Bapak dalam keluarga ini merupakan seseorang yang bisa membuat mereka merasa lengkap dan bahagia, sangat menyayangi anak-anaknya serta bertanggung jawab penuh atas keluarganya. Namun, bapak memiliki keburukan yang sulit dihilangkan, seperti sering kali jajan (main perempuan), bermain judi, dan bahkan minum-minum di rumah. Ibu dalam keluarga ini memiliki riwayat TBC, dan mati-matian menahan rasa sakit dihatinya melihat perilaku bapak yang sebenarnya tanpa sepengetahuan anak-anak.
    Semenjak ibu meninggal , perilaku bapak berubah drastis. Ia menjadi sosok yang egois, tidak mau kalah, dan selalu merasa bahwa anak-anaknya selalu salah. Bapak sering tidak pulang ke rumah, anak-anak pun hanya tinggal bersama Simbah. Bapak akan pulang ke rumah ketika emosinya sedang meluap-luap, dan menumpahkan semuanya pada anak-anak yang bahkan sama sekali tidak pantas untuk dijadikan samsak tinju.

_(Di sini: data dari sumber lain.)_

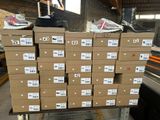 de nombreuses boîtes de chaussures sur une palette dans un entrepôt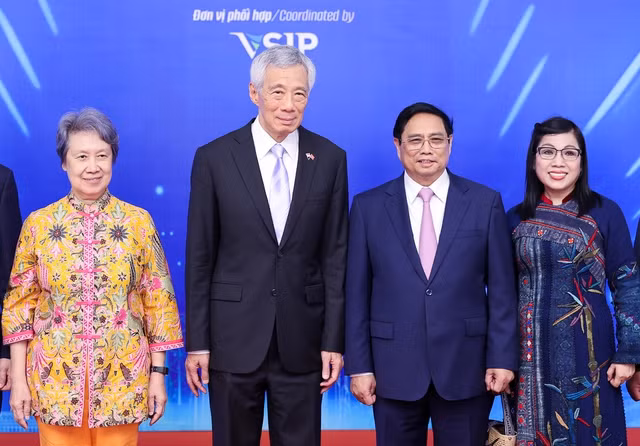 Hai Thủ tướng cùng Phu nhân tại Hội nghị. Ảnh: VGP/Nhật Bắc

    Untungnya, masih ada kakek yang sangat sabar dan selalu memberikan semangat serta arahan kepada cucu-cucunya. Meskipun perilaku bapak sangat keterlaluan, anak-anaknya selalu mengingat pesan terakhir yang ibu berikan untuk tidak membenci bapak dalam keadaan apapun.

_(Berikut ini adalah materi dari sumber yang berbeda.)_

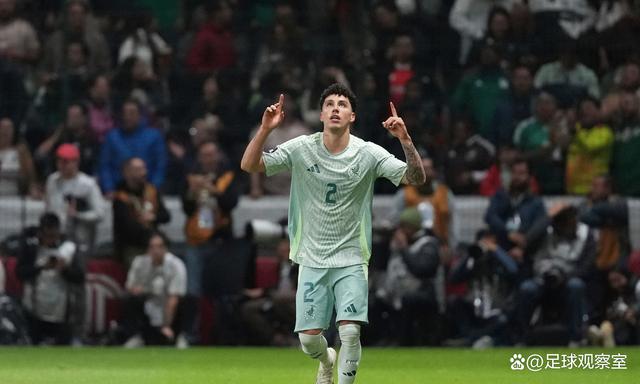 墨西哥足球明星表现突出,成为焦点 墨西哥足球明星表现突出,成为焦点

    Suatu hari, terjadi gempa bumi yang cukup kuat. Bapak yang biasanya tidak pernah cemas menjadi khawatir dengan keadaan anak-anak di rumah. Bapak pulang ke rumah hanya untuk memastikan keadaan anak-anak. Namun, karena ketakutan anak-anak terhadap bapak yang sering memarahi mereka, lagi-lagi bapak gagal mengendalikan dirinya dan meninggalkan rumah dengan cepat.
    Setelah kejadian itu, bapak merenungi ucapan-ucapan anak-anaknya. Karena, bapak kedapatan bersama wanita lain di warung tempatnya biasa nongkrong, dan ia mendapatkan hukuman dari sahabatnya atas perbuatannya. Setelah mendapatkan dorongan dari sahabatnya, malam itu bapak memutuskan untuk pulang ke rumah dan meminta maaf kepada anak-anaknya. Rumah kembali menjadi hangat semenjak kepulangan bapak.

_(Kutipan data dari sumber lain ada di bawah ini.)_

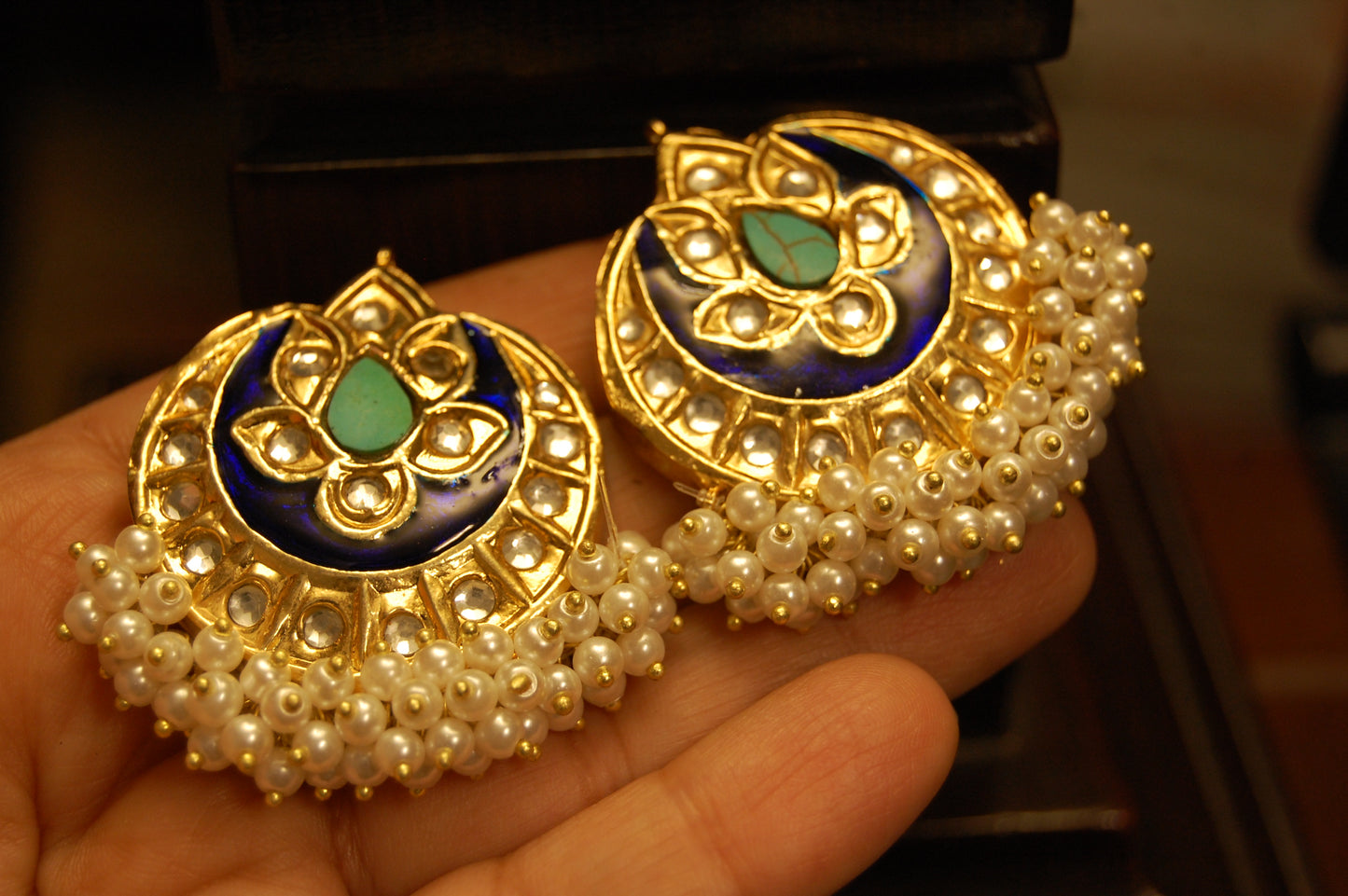 BLUE MEENA WITH FEROZY STONE & PEARLS EARRINGS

    (Banyuwangi, 1994) Namun, ketika Bapak pulang dari pasar dengan membeli 7 harum manis (kembang gula) untuk anak-anaknya, terjadi gempa bumi yang cukup kuat. Gempa ini menyebabkan kepanikan di sekitar mereka. Mereka berlarian keluar rumah untuk menyelamatkan diri. Setelah gempa mereda, mereka kembali ke rumah dan melanjutkan doa bersama.
    Kondisi sudah membaik setelah 15 menit, mereka duduk di teras rumah sambil memandangi langit malam penuh bintang. Namun, tiba-tiba terjadi guncangan dahsyat dan suara dentuman keras. Tanah berguncang dengan dahsyatnya, meruntuhkan apa saja yang ada di sekitar mereka. Air laut mulai naik, dan mereka berlarian untuk menyelamatkan diri.
    Setelah tsunami menyapu seluruh kota, hanya bapak, Khalid dan Dewangga yang selamat. Mereka mencari jasad Apta yang belum ditemukan hingga dua hari setelah kejadian. Mereka merasa sangat sedih kehilangan banyak anggota keluarga, terutama karena jasad Apta yang belum ditemukan. Mereka pergi ke tepian pantai dan melihat air laut yang masih bergemuruh sangat berisik. Khalid merasa terpukul dan berharap laut mengembalikan Apta. Bapak mencoba menenangkan anak-anaknya dan memeluk mereka.
    Kisah ini menggambarkan perjuangan keluarga dalam menghadapi tragedi dan kehilangan yang mendalam, yaitu menghadapi perubahan dalam dinamika keluarga mereka sendiri. Meskipun mengalami banyak kesulitan, keluarga ini tetap bersatu dan mencoba untuk bangkit dari keterpurukan. Mereka belajar untuk saling memaafkan dan menguatkan satu sama lain dalam menghadapi cobaan hidup. Melalui cerita ini, pembaca akan diajak untuk merenungkan tentang pentingnya hubungan keluarga, bagaimana cinta dan dukungan dari orang terdekat dapat membantu mengatasi kesulitan, dan bagaimana menghadapi masa-masa sulit dalam kehidupan.
    Sinopsis ini memberikan gambaran tentang perjalanan emosional dan pertumbuhan karakter dalam menghadapi cobaan yang tak terduga. Novel ini mengajak pembaca untuk merenungkan tentang nilai-nilai keluarga, kesabaran, cinta, dan harapan di tengah kehidupan yang penuh dengan tantangan.